**Task statement:** At the line containing "Everyday Stylish Outfits)*", begin an exact copy of the lines below and continue through the final one, with no pictures.

(Scraped caption text data)
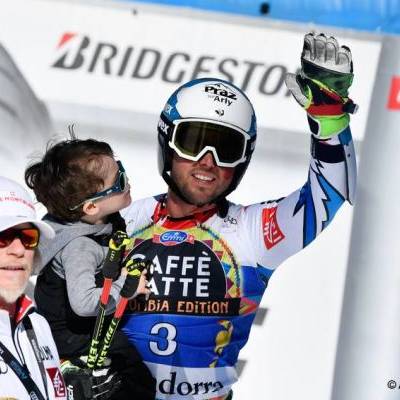 Dernière Coupe du monde de géant de Thomas Fanara le 16 mars 2019 - Agence Zoom
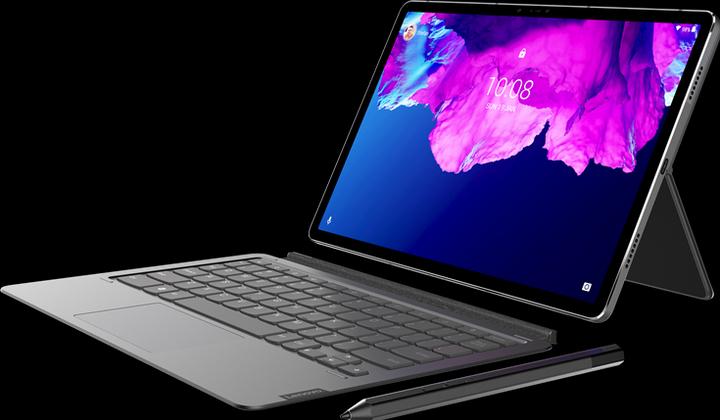 Produktbild Lenovo Tab P11 Pro inkl. CH-Tastatur, Precision Pen 2 (4G, 11.50", 128 GB, Black)
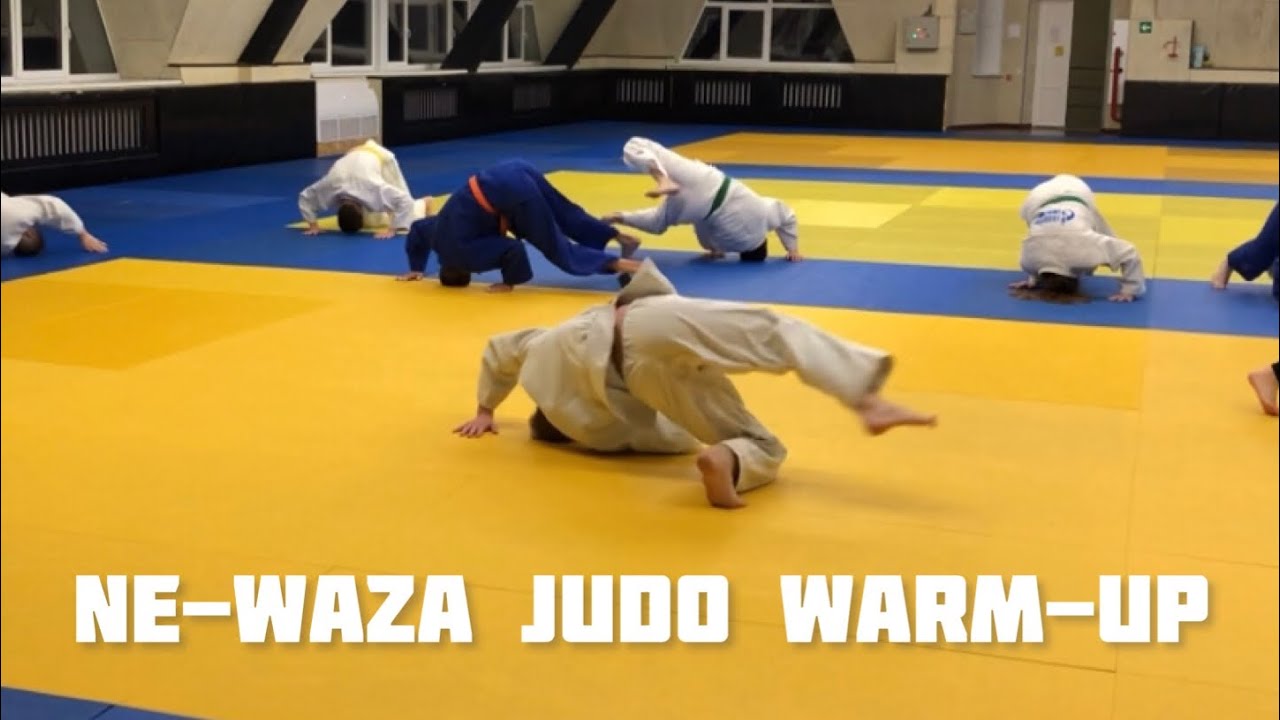 Ne-waza judo warm-up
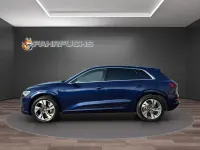 Gebraucht Audi e-tron Advanced 300 kW (408 PS) 2019 Blau SUV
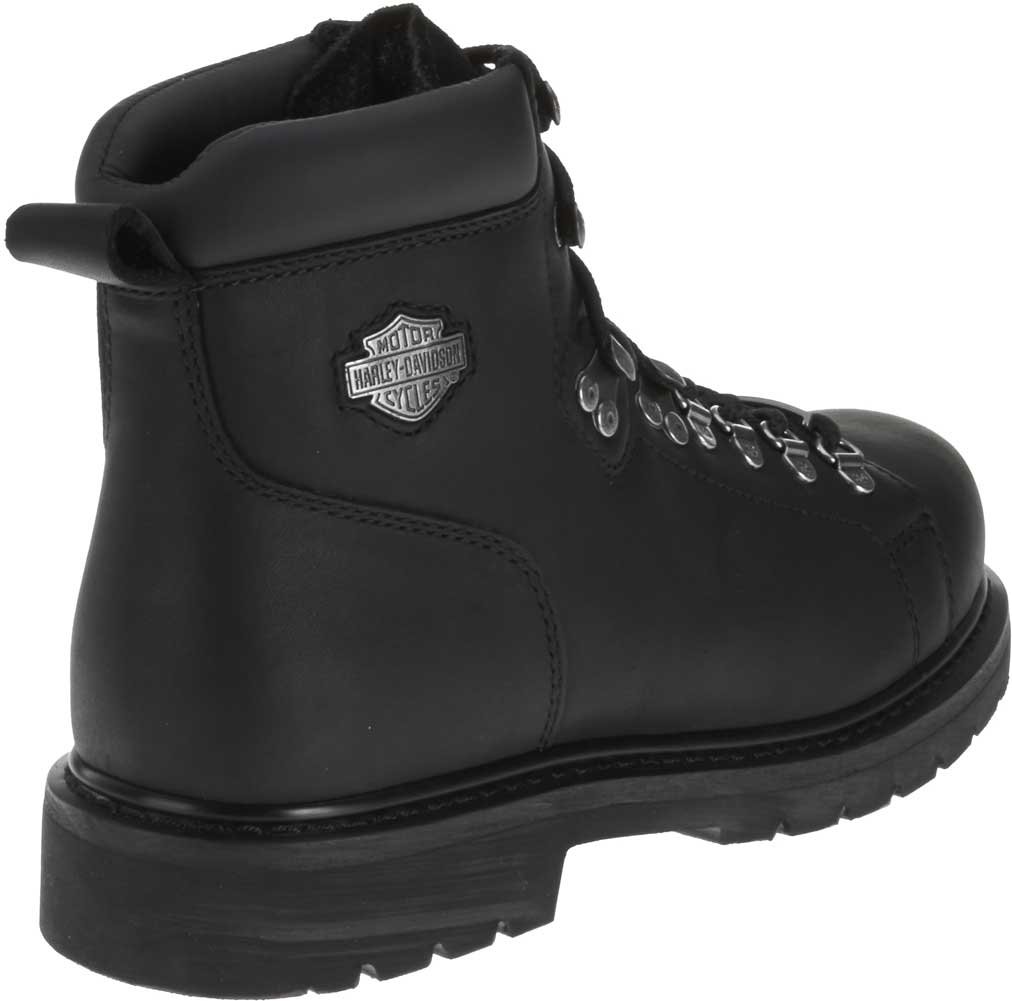 **Harley-Davidson Men's Motorcycle Boots - Black Leather Dipstick Boots for Riding & Casual Wear - Durable & Comfortable Biker Footwear**    *(Perfect for Motorcycle Rides, Road Trips, and Everyday Stylish Outfits)*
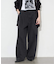 《4サイズ展開》LEDENIM BLUR TUCK TROUSERデニム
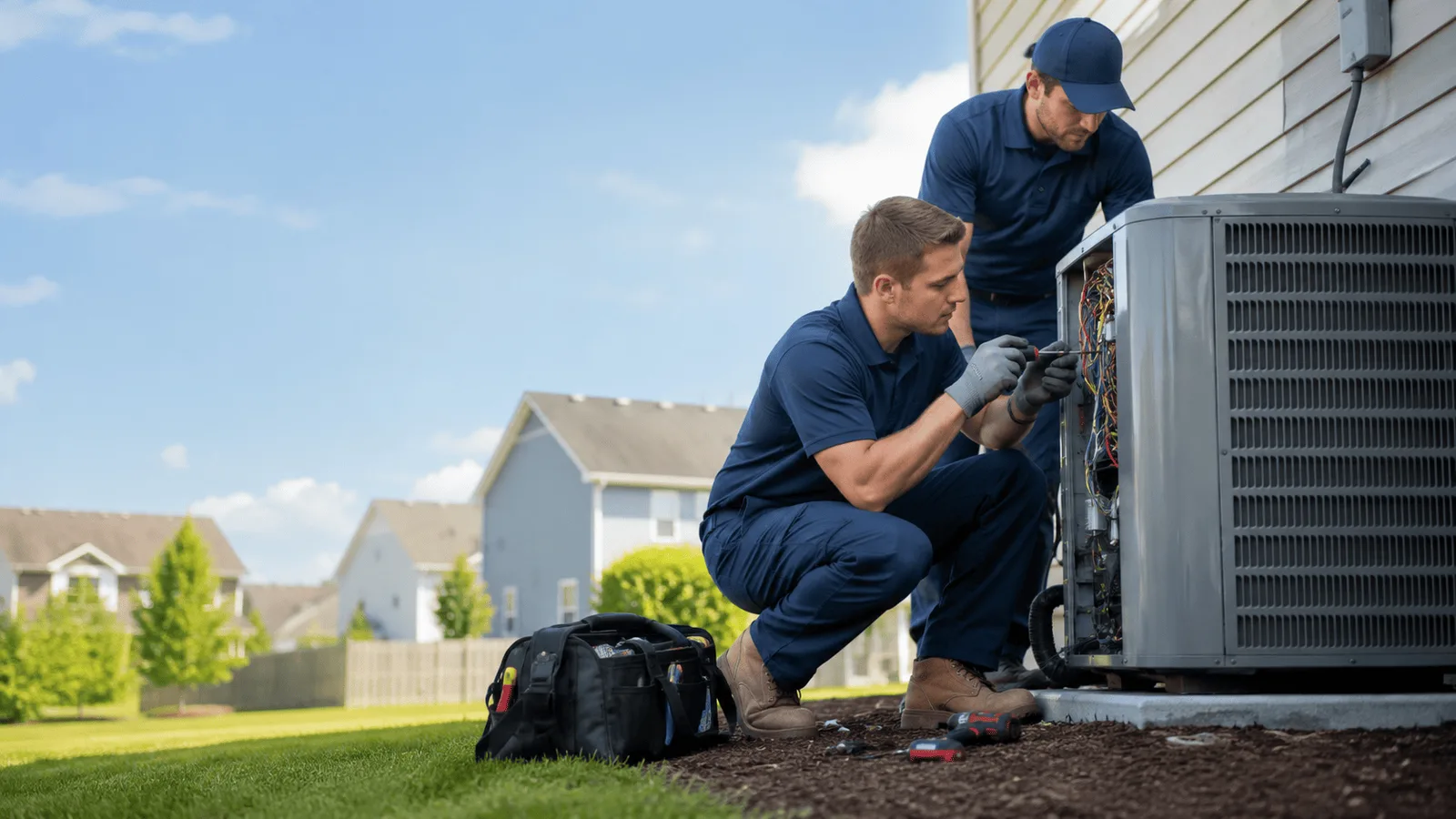 Heat Pump Installation in Bluffton, TX near me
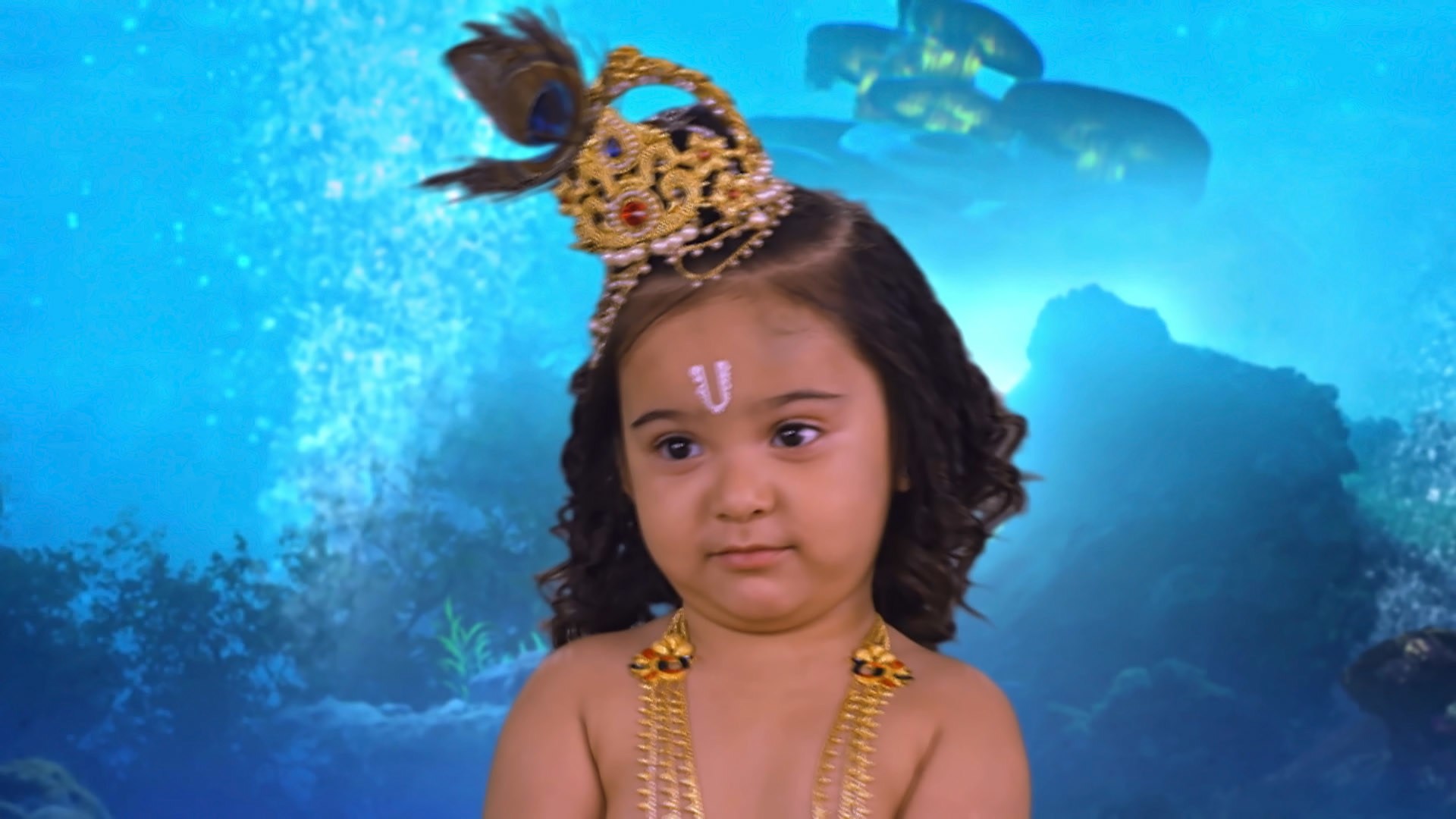 Gopal Teaches Kaliya a Lesson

**Finished exercise:**
 **Harley-Davidson Men's Motorcycle Boots - Black Leather Dipstick Boots for Riding & Casual Wear - Durable & Comfortable Biker Footwear**    *(Perfect for Motorcycle Rides, Road Trips, and Everyday Stylish Outfits)*
 《4サイズ展開》LEDENIM BLUR TUCK TROUSERデニム
 Heat Pump Installation in Bluffton, TX near me
 Gopal Teaches Kaliya a Lesson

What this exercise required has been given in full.